Inslee reported that the most recent state Legislative session yielded $40 million for a clean air fund, which includes solar energy, as well as an increased tax incentive for renewable energy, plus $5 million for solar energy programs in the schools.

“Arlington has a rich history as a manufacturing center,” Tolbert said, adding that the city is connected to an airport, a rail line and an interstate highway. “When Bayliner closed here in 2009, the job loss from one of the city’s biggest employers deeply impacted our residents’ quality of life. A focus on emerging manufacturing gave us a spark of hope for this facility, for which I have to give the city of Arlington’s staff kudos.
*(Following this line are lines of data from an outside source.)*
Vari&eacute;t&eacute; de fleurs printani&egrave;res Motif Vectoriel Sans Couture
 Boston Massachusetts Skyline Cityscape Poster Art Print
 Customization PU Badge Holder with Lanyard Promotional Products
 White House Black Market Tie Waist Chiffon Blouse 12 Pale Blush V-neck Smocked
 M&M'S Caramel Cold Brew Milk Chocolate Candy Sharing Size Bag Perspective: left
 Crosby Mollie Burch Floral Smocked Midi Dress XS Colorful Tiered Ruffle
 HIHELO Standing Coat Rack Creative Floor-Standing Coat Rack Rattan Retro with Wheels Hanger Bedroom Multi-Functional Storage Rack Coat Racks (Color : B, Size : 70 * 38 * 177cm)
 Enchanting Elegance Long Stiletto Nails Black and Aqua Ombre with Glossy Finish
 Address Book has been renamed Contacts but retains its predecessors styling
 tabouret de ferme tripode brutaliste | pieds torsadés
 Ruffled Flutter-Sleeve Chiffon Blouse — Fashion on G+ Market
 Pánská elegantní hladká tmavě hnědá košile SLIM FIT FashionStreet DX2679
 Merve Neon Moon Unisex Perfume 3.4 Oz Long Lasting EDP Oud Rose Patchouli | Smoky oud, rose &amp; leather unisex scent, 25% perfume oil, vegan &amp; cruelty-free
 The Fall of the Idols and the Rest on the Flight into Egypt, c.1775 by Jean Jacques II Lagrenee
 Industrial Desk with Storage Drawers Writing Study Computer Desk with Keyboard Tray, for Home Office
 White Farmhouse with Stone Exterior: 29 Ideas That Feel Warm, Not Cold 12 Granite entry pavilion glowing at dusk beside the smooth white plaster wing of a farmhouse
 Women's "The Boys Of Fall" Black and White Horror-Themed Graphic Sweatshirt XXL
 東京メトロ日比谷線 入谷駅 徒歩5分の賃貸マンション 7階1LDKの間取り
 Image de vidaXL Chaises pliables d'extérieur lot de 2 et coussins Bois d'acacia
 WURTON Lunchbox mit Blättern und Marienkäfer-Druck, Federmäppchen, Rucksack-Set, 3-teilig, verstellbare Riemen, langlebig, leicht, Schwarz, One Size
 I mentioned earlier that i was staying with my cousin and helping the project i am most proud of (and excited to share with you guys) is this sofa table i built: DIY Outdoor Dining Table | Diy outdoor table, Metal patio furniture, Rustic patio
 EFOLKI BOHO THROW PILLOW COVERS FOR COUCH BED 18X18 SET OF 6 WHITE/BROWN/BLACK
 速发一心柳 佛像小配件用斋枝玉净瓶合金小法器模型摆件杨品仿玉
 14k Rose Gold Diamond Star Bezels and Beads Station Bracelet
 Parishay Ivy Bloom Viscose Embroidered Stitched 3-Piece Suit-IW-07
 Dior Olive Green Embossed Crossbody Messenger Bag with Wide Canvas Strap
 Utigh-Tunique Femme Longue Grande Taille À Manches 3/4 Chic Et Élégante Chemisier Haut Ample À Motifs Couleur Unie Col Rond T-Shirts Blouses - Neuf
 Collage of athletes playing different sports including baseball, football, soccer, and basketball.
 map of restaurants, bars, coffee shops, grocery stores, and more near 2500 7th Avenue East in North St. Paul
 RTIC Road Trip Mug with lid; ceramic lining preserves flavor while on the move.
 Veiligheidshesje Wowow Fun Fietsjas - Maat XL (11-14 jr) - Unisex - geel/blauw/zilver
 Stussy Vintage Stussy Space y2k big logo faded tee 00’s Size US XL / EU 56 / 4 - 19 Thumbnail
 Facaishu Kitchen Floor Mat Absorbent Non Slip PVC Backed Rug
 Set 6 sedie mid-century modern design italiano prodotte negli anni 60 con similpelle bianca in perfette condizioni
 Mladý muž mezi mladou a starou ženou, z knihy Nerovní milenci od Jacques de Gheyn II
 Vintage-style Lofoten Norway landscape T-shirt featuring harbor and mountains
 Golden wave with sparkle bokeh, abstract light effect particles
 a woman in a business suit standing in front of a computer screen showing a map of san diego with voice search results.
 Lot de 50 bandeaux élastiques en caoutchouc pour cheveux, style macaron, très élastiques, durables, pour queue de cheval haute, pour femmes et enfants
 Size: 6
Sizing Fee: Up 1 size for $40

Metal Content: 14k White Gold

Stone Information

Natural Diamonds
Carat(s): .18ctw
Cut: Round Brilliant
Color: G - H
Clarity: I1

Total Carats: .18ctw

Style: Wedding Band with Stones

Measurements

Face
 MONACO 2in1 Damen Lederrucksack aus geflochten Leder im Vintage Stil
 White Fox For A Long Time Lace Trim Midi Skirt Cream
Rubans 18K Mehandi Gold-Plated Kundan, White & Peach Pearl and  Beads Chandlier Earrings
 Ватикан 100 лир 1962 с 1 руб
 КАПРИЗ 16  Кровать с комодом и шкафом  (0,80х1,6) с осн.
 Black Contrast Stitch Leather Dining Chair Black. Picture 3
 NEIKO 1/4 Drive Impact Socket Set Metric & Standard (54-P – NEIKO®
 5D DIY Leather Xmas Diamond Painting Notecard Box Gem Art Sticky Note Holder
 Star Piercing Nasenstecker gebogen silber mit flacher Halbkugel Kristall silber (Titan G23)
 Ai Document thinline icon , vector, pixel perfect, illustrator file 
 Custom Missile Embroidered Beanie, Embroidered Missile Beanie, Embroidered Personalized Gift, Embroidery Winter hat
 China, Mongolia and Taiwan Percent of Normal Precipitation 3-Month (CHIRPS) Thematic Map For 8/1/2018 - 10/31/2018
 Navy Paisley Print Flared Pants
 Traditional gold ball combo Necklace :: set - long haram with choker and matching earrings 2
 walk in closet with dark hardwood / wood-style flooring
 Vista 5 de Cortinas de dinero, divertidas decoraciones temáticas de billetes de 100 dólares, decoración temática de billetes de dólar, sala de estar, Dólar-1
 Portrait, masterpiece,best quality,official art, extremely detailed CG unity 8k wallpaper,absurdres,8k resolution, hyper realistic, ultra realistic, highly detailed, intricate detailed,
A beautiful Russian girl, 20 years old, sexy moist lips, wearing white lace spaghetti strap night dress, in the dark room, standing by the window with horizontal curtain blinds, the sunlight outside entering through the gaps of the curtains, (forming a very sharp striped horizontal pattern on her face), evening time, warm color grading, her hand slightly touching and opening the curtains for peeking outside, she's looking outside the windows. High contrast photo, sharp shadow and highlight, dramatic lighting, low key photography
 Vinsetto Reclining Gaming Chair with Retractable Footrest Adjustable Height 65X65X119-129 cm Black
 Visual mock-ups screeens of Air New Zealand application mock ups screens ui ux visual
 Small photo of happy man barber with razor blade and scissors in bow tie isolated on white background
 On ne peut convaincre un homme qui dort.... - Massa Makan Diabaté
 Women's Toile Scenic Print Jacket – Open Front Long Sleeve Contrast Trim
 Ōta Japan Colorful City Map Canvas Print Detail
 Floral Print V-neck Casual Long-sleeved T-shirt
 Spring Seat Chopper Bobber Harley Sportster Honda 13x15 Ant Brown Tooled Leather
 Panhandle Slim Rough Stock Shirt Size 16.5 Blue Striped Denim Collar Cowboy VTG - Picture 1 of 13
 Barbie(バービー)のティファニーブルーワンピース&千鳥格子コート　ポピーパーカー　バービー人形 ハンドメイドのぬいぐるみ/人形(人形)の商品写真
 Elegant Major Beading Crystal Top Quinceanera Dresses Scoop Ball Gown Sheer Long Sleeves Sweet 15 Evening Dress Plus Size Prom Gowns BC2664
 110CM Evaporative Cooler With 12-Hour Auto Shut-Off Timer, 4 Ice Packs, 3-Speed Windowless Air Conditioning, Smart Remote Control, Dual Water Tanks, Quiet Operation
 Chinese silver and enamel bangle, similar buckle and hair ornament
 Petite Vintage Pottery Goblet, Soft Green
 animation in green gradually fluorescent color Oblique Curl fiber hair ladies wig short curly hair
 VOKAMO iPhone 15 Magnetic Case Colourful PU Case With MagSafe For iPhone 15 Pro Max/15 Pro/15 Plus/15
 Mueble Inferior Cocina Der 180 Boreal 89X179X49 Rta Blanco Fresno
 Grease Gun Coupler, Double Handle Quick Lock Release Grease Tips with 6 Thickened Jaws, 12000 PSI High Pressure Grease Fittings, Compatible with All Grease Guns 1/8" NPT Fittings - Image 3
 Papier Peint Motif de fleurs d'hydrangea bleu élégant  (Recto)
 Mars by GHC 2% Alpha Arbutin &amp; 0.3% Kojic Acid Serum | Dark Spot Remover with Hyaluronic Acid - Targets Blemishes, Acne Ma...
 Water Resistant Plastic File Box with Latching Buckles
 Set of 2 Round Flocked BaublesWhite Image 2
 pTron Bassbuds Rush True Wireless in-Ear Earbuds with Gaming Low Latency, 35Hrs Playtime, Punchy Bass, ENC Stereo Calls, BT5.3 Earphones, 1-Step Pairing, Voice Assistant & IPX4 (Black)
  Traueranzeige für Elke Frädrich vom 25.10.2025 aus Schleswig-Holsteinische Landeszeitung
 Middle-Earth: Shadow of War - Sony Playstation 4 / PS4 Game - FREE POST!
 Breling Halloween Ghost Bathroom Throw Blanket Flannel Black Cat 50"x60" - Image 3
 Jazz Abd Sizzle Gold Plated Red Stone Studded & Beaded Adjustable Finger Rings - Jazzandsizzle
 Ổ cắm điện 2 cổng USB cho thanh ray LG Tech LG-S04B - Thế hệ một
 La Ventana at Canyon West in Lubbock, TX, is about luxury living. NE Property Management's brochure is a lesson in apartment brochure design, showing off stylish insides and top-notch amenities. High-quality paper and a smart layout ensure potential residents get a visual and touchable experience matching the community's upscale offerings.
It’s been an amazing transformation.”

When the Arlington Advanced Manufacturing Park opened on the former Bayliner manufacturing campus last year, OutBack General Manager Harvey Wilkinson was one of the first people Tolbert called, since he’d been coping with a company that had grown so big that it was split up into multiple facilities. For his part, Wilkinson expressed his appreciation not only to Tolbert and Inslee, but also to the state Department of Commerce and Economic Alliance of Snohomish County for their support.

“Our move into a larger facility better positions us to hire talented employees, design and test new products, train electrical and energy professionals in grid-smart technologies, and support and promote more environmentally friendly living,” Wilkinson said.

According to White, OutBack currently employs 64 people, a full third of whom work in its engineering department, and she projected that its number of employees would continue to grow by 20 percent.

“This is the coolest thing I’ve gotten to do as governor in quite some time,” said Inslee, as he joined Alpha Group CEO, Chair and founder Fred Kaiser — as well as Alpha Technologies President and COO Drew Zogby and Altair Advanced Industries CEO and Chair Grace Borsari — in cutting the ribbon to OutBack Power Technologies’ facility in Suite B at 17825 59th Ave. NE in Arlington.